The posting of a photograph of pupils from St John’s on social media, without permission from the school or the parents of the children, by European election candidate Gemma O’Doherty sparked outrage from several quarters.

Ms O’Doherty’s post was accompanied with the following text: “The changing face of Co Longford in rural #Ireland”.

She later added: “This picture, published by an online newspaper recently, illustrates how Irish people are quickly becoming an ethnic minority in many towns of #Ireland. It will trigger many snowflake trolls who are frightened that the truth is being told”.

Dismissing the ‘implied negativity’, Mrs Bowers said, “We have a wonderful school community here at St John's. It's like an extended family really. Everyone is respected and valued equally. We are very proud of our pupils and their achievements.

“Our main focus is on teaching and learning and our top priority is to ensure that our pupils are educated within a safe, positive, respectful and happy school climate.
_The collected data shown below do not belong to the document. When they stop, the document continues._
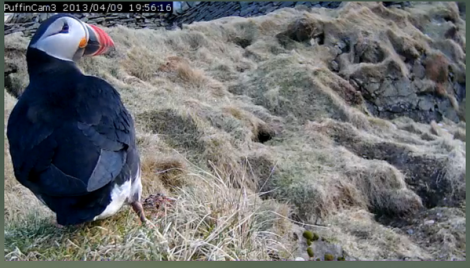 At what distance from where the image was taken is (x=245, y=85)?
134 inches

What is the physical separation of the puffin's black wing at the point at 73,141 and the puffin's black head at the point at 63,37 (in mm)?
177

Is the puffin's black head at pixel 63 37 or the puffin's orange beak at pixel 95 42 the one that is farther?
the puffin's orange beak at pixel 95 42

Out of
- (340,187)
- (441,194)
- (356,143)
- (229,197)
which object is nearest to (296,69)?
(356,143)

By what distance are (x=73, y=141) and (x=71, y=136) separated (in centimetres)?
2

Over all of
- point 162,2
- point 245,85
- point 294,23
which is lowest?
point 245,85

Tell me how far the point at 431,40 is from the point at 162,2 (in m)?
1.85

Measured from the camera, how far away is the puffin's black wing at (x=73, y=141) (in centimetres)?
171

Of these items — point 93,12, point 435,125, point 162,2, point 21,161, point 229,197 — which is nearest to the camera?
point 21,161

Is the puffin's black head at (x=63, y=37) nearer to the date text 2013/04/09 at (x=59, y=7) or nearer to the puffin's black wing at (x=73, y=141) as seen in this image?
the puffin's black wing at (x=73, y=141)

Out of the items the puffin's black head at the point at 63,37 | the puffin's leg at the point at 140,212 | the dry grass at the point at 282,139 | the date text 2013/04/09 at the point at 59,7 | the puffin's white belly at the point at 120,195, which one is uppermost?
the puffin's black head at the point at 63,37

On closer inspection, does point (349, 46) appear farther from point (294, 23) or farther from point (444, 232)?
point (444, 232)

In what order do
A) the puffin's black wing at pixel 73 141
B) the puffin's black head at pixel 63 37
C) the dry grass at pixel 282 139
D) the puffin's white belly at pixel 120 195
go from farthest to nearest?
the dry grass at pixel 282 139 < the puffin's black head at pixel 63 37 < the puffin's white belly at pixel 120 195 < the puffin's black wing at pixel 73 141

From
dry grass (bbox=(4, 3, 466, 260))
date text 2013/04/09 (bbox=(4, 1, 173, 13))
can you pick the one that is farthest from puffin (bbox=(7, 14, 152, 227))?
date text 2013/04/09 (bbox=(4, 1, 173, 13))

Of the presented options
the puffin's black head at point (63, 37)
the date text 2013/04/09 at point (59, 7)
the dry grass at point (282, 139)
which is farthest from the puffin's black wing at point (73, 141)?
the date text 2013/04/09 at point (59, 7) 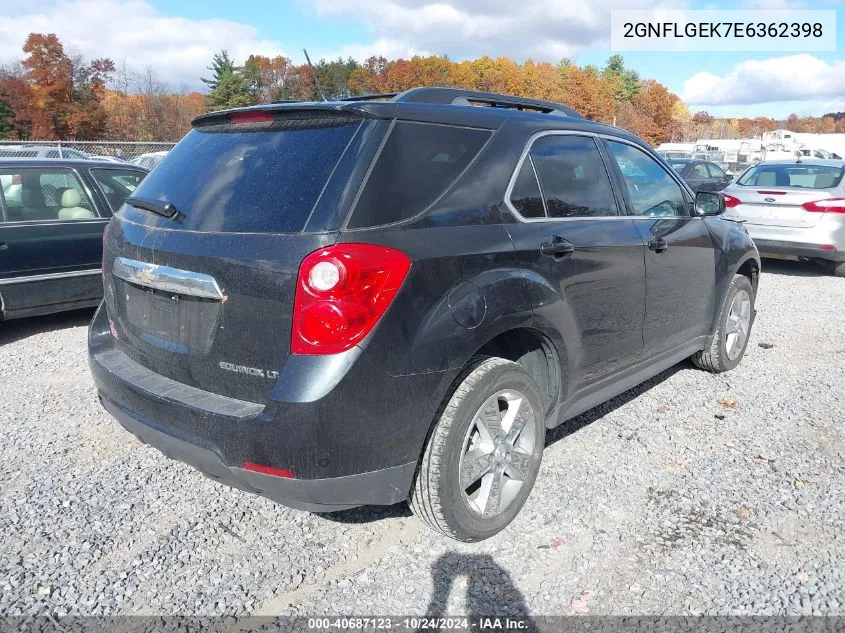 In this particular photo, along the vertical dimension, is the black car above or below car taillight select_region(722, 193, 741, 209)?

We are very grateful for all the support shown from parents, local community members and the wider public.”

The photo was first published, with parental and school consent, in the Longford Leader in May 2018, to promote the positive achievement of St John’s reaching the final twelve of Bord na Móna's first annual Eco Rangers awards, a competition in which they subsequently triumphed.

Read also: People of Longford to rally for diversity this Saturday

The post by Ms O’Doherty was picked up by white supremacists in the US after former actor Ashton Blaise, retweeted the photo and adding the following comment: “This is an elementary school in Ireland. Within a decade I guarantee the Gaelic language and culture will cease to exist”. This post was then retweeted by president of the white supremacist group National Policy Institute, Richard Spencer.

Editor of the Longford Leader Alan Walsh said, “We are extremely unhappy that a Longford Leader picture was posted online without our knowledge or permission, and used to promote racist attitudes.

“We abhor this misuse of the picture. It is terribly disappointing and entirely unacceptable to us that such a lovely photograph has been misused in this way.”

The Longford Leader contacted Facebook and Twitter to request the removal of the posts featuring the photograph from their platforms and, following this, Ms O’Doherty, accompanied by James Reynolds of the National Party, arrived in Longford last Thursday evening and proceeded to broadcast live on YouTube, beginning from outside the Leader offices before moving to various locations around the town.

It was during this walkabout that Aneta Safiak, a parent of one of the children in the photograph, confronted Ms O’Doherty.